-- Activity --
Only the lines from the start of the material through the line containing "Property photo 3 of 17 Picture No. 04" are to be extracted, exactly as they appear.

-- Data shown --
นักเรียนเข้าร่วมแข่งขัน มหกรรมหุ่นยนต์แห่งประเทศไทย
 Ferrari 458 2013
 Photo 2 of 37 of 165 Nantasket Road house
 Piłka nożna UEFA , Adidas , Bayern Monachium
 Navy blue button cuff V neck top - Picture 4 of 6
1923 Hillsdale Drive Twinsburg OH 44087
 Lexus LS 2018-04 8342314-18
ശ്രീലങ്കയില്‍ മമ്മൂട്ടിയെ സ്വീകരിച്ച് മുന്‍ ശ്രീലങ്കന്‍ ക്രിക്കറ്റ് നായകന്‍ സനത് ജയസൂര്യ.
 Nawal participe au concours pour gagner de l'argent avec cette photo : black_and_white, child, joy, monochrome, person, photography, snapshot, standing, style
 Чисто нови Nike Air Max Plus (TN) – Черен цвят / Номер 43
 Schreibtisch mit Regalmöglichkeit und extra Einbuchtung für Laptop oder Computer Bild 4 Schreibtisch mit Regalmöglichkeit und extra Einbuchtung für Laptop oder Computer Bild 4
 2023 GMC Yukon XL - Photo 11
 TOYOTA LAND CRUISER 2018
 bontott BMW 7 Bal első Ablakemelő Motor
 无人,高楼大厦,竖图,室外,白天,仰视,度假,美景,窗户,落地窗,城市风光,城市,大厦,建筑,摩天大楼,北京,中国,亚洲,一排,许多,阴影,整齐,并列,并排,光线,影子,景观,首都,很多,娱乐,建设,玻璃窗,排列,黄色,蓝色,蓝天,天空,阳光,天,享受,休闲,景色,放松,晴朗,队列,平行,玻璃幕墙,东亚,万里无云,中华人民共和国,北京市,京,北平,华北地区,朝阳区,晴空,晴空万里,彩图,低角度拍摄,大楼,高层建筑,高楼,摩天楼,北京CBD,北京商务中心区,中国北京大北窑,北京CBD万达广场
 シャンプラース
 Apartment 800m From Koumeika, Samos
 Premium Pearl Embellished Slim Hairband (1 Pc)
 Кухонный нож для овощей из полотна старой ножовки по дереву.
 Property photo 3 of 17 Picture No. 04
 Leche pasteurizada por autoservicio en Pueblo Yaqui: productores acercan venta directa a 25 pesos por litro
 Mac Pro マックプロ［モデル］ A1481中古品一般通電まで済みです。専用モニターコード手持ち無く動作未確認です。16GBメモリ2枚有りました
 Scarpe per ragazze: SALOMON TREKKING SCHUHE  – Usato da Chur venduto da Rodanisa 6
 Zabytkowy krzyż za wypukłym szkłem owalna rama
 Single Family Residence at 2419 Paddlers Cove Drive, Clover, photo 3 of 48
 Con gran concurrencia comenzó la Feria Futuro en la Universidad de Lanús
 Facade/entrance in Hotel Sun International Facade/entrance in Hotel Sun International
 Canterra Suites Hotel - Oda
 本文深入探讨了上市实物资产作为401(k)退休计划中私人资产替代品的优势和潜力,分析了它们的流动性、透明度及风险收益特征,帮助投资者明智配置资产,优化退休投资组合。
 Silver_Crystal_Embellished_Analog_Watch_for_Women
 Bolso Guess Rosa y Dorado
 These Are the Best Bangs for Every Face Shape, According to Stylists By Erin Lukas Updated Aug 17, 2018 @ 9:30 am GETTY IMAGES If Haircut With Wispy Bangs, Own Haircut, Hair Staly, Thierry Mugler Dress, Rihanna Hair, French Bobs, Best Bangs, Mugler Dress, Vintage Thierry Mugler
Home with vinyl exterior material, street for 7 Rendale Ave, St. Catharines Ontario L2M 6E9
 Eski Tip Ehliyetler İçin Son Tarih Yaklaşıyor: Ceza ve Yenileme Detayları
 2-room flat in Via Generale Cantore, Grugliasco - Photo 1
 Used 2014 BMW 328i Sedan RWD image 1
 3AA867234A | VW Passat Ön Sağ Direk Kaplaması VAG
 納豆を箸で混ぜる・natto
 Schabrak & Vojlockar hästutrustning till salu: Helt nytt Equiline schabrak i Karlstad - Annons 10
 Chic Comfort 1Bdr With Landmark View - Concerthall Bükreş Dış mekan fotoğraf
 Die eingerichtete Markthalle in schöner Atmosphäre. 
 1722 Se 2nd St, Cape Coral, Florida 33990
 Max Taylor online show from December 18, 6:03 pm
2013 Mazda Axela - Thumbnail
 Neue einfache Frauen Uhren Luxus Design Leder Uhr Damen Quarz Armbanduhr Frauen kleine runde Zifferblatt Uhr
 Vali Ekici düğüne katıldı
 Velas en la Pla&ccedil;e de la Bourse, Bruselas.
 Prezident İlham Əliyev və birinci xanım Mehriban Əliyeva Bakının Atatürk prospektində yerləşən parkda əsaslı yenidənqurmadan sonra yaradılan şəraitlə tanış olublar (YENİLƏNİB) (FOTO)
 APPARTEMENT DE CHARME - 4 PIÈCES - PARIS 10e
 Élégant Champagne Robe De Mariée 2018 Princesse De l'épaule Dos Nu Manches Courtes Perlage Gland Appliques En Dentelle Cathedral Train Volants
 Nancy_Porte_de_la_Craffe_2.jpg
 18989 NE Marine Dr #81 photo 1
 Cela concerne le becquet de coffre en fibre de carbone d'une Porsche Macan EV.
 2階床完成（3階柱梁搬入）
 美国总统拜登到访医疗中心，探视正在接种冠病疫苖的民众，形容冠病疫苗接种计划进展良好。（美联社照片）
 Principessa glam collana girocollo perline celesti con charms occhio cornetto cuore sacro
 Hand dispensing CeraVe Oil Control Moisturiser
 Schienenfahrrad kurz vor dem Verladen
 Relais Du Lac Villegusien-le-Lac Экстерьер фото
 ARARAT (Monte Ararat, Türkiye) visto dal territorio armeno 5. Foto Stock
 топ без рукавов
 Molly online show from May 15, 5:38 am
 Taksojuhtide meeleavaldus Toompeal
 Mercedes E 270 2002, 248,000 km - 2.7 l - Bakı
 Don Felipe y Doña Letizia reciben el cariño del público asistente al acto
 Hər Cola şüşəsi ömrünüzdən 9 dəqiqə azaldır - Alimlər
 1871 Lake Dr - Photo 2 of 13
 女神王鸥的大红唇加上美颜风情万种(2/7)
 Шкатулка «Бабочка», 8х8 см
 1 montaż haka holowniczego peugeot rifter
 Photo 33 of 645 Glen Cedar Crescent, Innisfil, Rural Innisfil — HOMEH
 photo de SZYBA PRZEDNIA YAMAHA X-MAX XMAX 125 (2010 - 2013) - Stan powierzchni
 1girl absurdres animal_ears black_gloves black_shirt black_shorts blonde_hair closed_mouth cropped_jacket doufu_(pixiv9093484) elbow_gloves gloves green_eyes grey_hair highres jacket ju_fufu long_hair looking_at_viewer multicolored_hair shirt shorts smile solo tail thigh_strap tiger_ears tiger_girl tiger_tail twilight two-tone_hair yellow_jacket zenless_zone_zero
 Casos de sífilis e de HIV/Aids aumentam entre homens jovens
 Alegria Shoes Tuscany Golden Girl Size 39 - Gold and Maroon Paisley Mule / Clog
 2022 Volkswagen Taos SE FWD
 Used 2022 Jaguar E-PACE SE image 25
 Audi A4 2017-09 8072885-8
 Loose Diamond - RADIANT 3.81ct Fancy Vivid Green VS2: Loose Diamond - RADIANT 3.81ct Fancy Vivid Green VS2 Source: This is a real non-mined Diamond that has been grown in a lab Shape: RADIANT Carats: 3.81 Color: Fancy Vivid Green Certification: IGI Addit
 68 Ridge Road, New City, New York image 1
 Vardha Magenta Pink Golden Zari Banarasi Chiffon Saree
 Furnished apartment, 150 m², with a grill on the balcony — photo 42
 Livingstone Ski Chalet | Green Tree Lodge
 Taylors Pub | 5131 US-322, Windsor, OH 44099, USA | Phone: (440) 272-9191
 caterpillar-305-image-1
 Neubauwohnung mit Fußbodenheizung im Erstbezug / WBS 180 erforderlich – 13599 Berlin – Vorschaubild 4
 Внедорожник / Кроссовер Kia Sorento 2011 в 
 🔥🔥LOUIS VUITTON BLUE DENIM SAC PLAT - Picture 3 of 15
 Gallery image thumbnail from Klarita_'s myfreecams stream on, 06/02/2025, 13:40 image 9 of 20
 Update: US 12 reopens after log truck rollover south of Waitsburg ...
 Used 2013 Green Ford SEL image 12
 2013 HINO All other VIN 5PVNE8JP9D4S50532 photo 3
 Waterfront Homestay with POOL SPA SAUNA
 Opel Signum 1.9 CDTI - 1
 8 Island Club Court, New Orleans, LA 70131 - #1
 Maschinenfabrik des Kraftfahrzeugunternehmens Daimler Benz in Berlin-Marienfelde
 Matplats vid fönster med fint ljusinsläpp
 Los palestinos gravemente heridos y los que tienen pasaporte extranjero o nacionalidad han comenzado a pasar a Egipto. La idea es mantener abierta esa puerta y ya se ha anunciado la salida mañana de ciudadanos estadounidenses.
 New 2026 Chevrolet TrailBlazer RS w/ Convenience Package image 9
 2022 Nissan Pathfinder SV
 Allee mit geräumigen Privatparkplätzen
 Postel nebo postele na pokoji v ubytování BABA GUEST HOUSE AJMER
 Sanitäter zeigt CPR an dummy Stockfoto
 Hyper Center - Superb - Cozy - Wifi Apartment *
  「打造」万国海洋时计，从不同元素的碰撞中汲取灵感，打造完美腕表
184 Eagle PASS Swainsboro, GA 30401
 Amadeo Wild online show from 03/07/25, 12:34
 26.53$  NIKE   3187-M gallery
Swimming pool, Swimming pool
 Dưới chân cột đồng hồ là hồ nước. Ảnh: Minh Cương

-- Task solution --
นักเรียนเข้าร่วมแข่งขัน มหกรรมหุ่นยนต์แห่งประเทศไทย
 Ferrari 458 2013
 Photo 2 of 37 of 165 Nantasket Road house
 Piłka nożna UEFA , Adidas , Bayern Monachium
 Navy blue button cuff V neck top - Picture 4 of 6
1923 Hillsdale Drive Twinsburg OH 44087
 Lexus LS 2018-04 8342314-18
ശ്രീലങ്കയില്‍ മമ്മൂട്ടിയെ സ്വീകരിച്ച് മുന്‍ ശ്രീലങ്കന്‍ ക്രിക്കറ്റ് നായകന്‍ സനത് ജയസൂര്യ.
 Nawal participe au concours pour gagner de l'argent avec cette photo : black_and_white, child, joy, monochrome, person, photography, snapshot, standing, style
 Чисто нови Nike Air Max Plus (TN) – Черен цвят / Номер 43
 Schreibtisch mit Regalmöglichkeit und extra Einbuchtung für Laptop oder Computer Bild 4 Schreibtisch mit Regalmöglichkeit und extra Einbuchtung für Laptop oder Computer Bild 4
 2023 GMC Yukon XL - Photo 11
 TOYOTA LAND CRUISER 2018
 bontott BMW 7 Bal első Ablakemelő Motor
 无人,高楼大厦,竖图,室外,白天,仰视,度假,美景,窗户,落地窗,城市风光,城市,大厦,建筑,摩天大楼,北京,中国,亚洲,一排,许多,阴影,整齐,并列,并排,光线,影子,景观,首都,很多,娱乐,建设,玻璃窗,排列,黄色,蓝色,蓝天,天空,阳光,天,享受,休闲,景色,放松,晴朗,队列,平行,玻璃幕墙,东亚,万里无云,中华人民共和国,北京市,京,北平,华北地区,朝阳区,晴空,晴空万里,彩图,低角度拍摄,大楼,高层建筑,高楼,摩天楼,北京CBD,北京商务中心区,中国北京大北窑,北京CBD万达广场
 シャンプラース
 Apartment 800m From Koumeika, Samos
 Premium Pearl Embellished Slim Hairband (1 Pc)
 Кухонный нож для овощей из полотна старой ножовки по дереву.
 Property photo 3 of 17 Picture No. 04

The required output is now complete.